Thank you for this @nemad - I really appreciate it. I would like to attempt over the weekend; I am still having an issue getting the Python extension to work on my Windows machine, so I cannot start until I fix this. Any chance you could assist with my open post on this? Setting up the KNIME Python extension on Windows with Anaconda Installed
Also, @nemad - can you please elaborate on the "Your images have
to be normalized between [0, 1] " - I have 2K+ images; is this performed by hand? Any detail you can provide is appreciated, thanks.
Here is an updated version of the workflow that includes the normalization as well as some additional preprocessing for deep learning:
TransferLearning.knwf (38.2 KB)
Thank you for this @nemad. I will try as soon as I can get my Python extension working.
Hi @nemad - I finally integrated python to Knime.
I was trying to initialize the DL Python Network Creator, but I get this error:
ImportError: No module named ‘keras’
ERROR DL Python Network Creator 0:2 Execute failed: Traceback (most recent call last):
File “C:\Program Files\KNIME\plugins\org.knime.python2_3.6.2.v201811051558\py\PythonKernelBase.py”, line 278, in execute
exec(source_code, self._exec_env, self._exec_env)
File “”, line 2, in
ImportError: No module named ‘keras’
I believe I installed Keras over the weekend; forgot how to check in cmd.
@asrichardson please check knime.com/deeplearning for instructions. Keras has to be installed in version 2.1.6 in your py35_knime environment.
Hi @nemad. I made some great progress - I was able to fully establish my Python and Keras environment per the help of @christian.dietz.

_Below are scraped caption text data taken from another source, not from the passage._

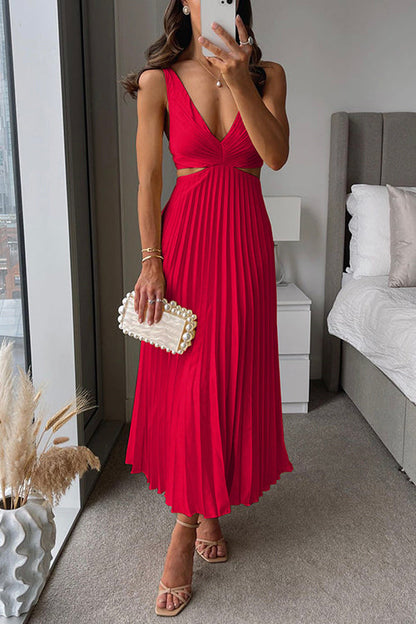 Honora - Midi jurk met geplooide rok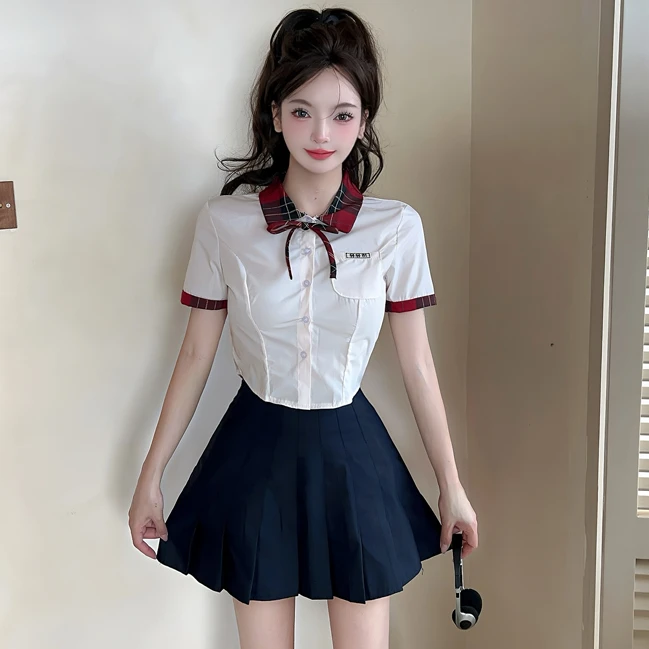 韩系学院风制服红格浅粉色衬衫藏青色包臀百褶裙校服多莉别再惹我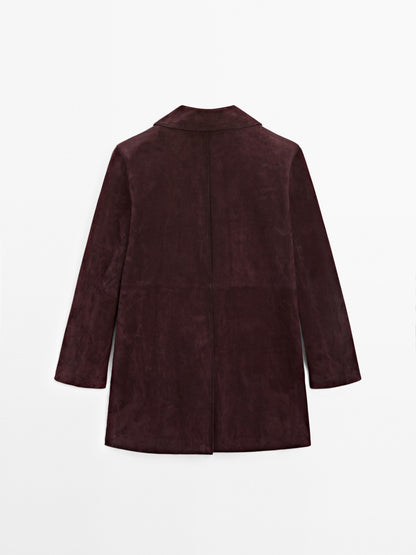 Medium suede leather coat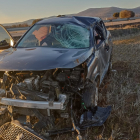 Estado en el que quedó el vehículo implicado en el accidente de tráfico en Soria. HDS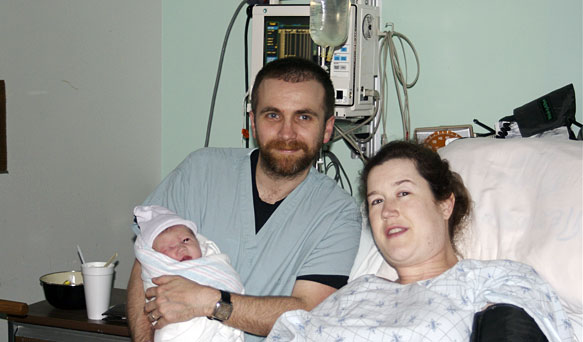 Gillian, Emily and I at the hospital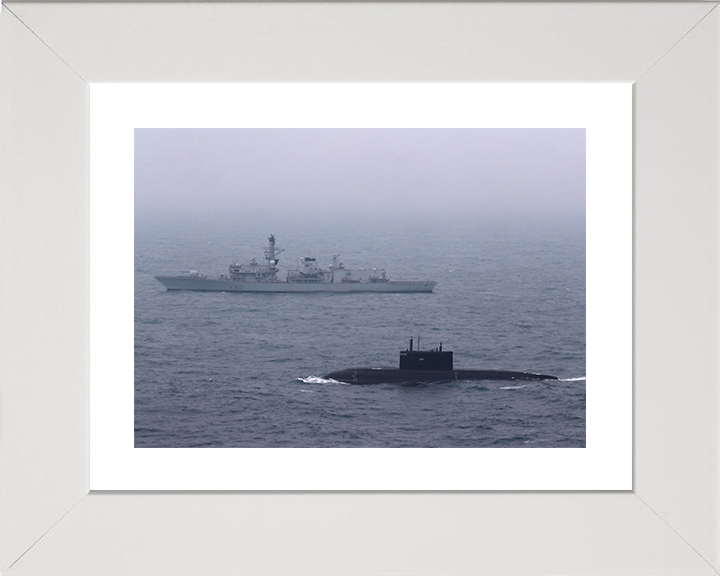 HMS Sutherland (F81) Photo Print - With Russian Submarine - Royal Navy Type 23 Frigate Hampshire Prints 10 x 8 White Frame Yes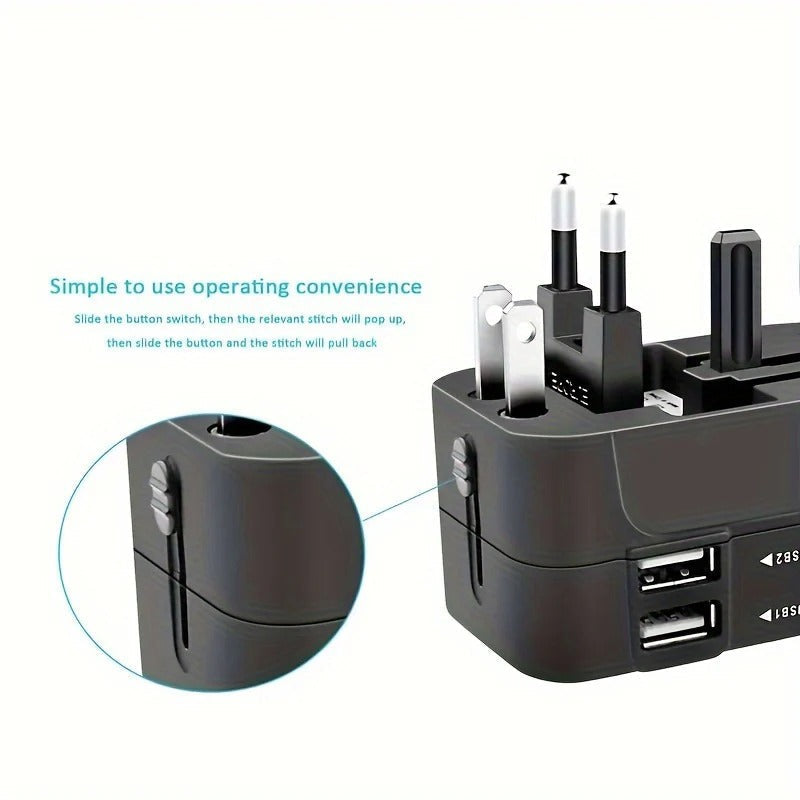 Global Charging Adapter with Dual USB Ports for Travelers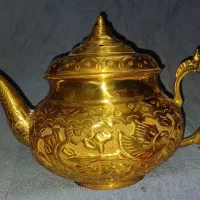 کتری برنجی قدیمی و تمام قلم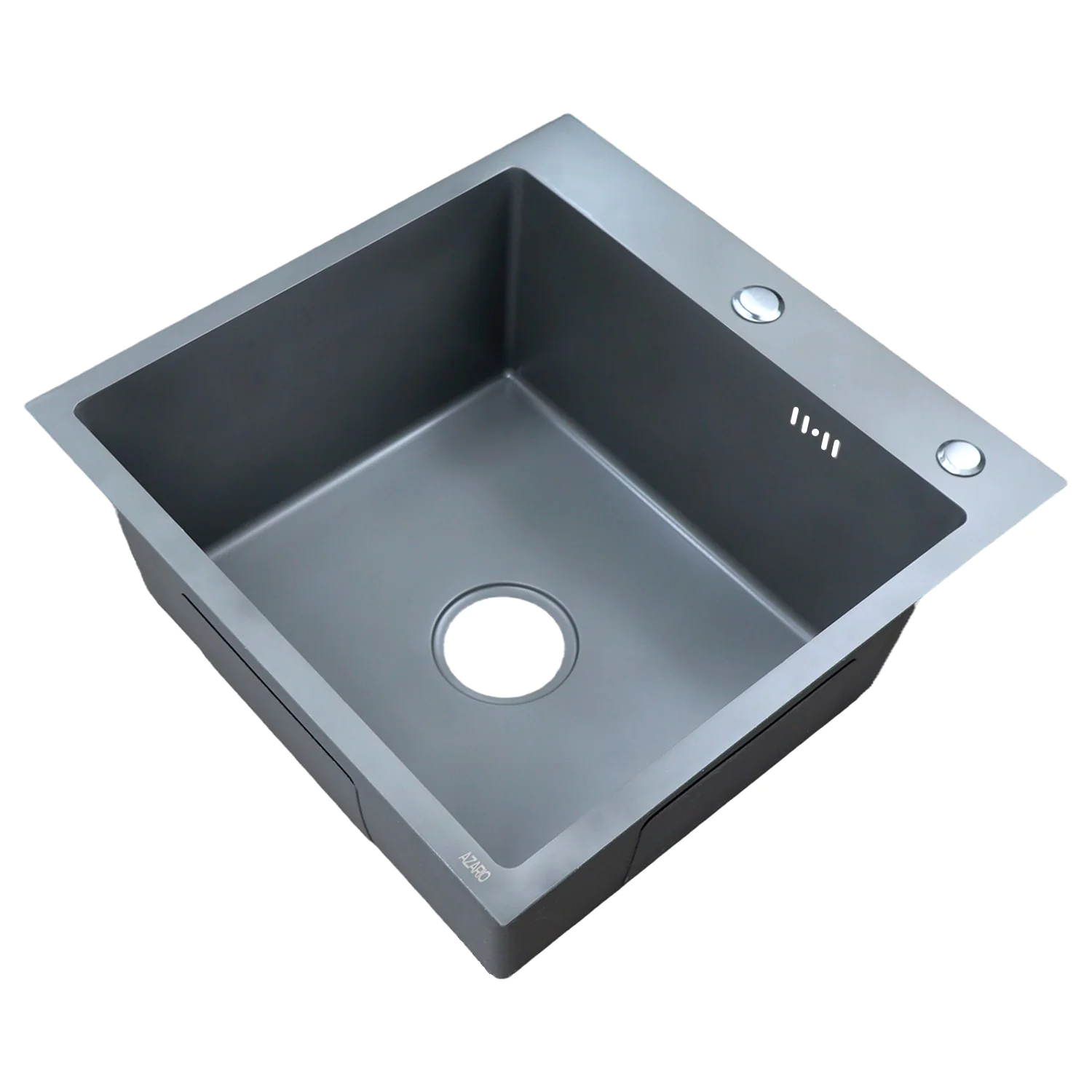 Кухонная мойка AZARIO NICOLE 500х500х220 нержавеющая сталь, в комплекте сифон, диспенсер, коландер, серая соты (AZG5050H) — фото №2
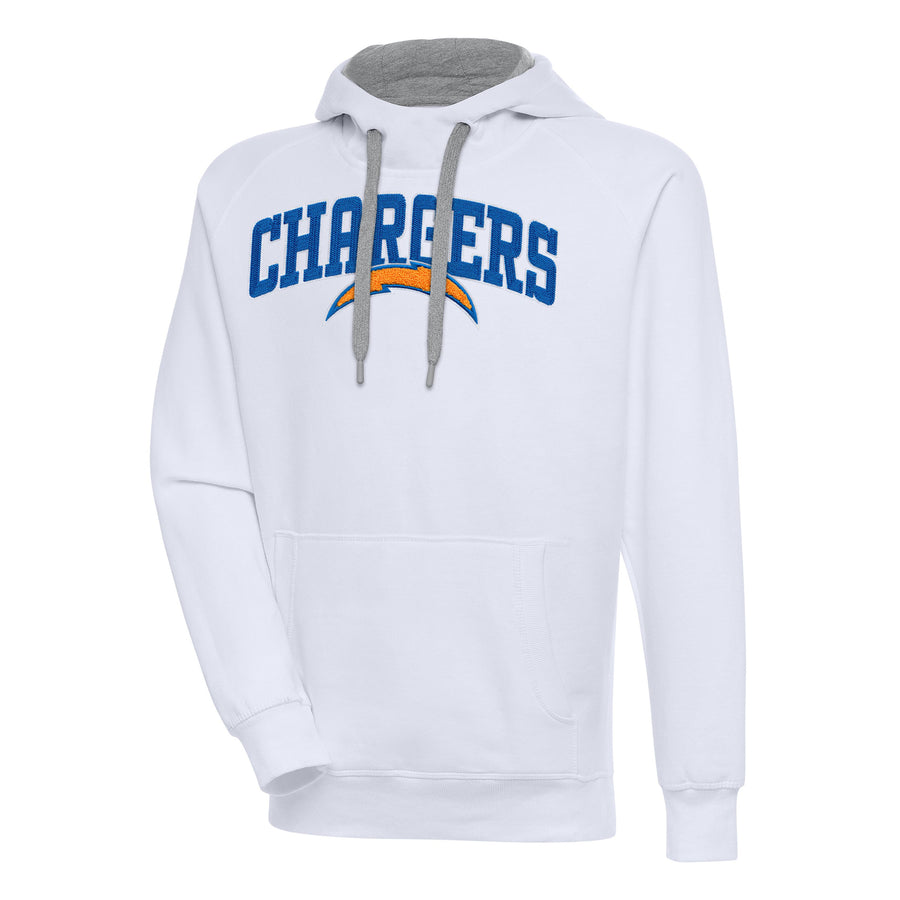 Men's Antigua  White Los Angeles Chargers Victory Pullover Hoodie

First: I’m having some issues with how I “read” and label my images via the “joiner”. I want to create a table that has (4) columns: Image Name, Image, RID, Score. Currently, I have (1) table and a set of images I want to join, they are in screenshots below. My join is adding “RowID” after the image name, today, which is not what I want.
Second: The “image calc” node turned the images 100% grey - they are all the same. Not sure of the function that needs to happen here.
Third : I was able to convert RID to String, but I’m at a loss for how to manipulate this in the Domain Calculator node.
I’ve attached my workflow for reference.
Keras_Transfer_Learning.knwf (32.0 KB)
Any thoughts are appreciated, thanks.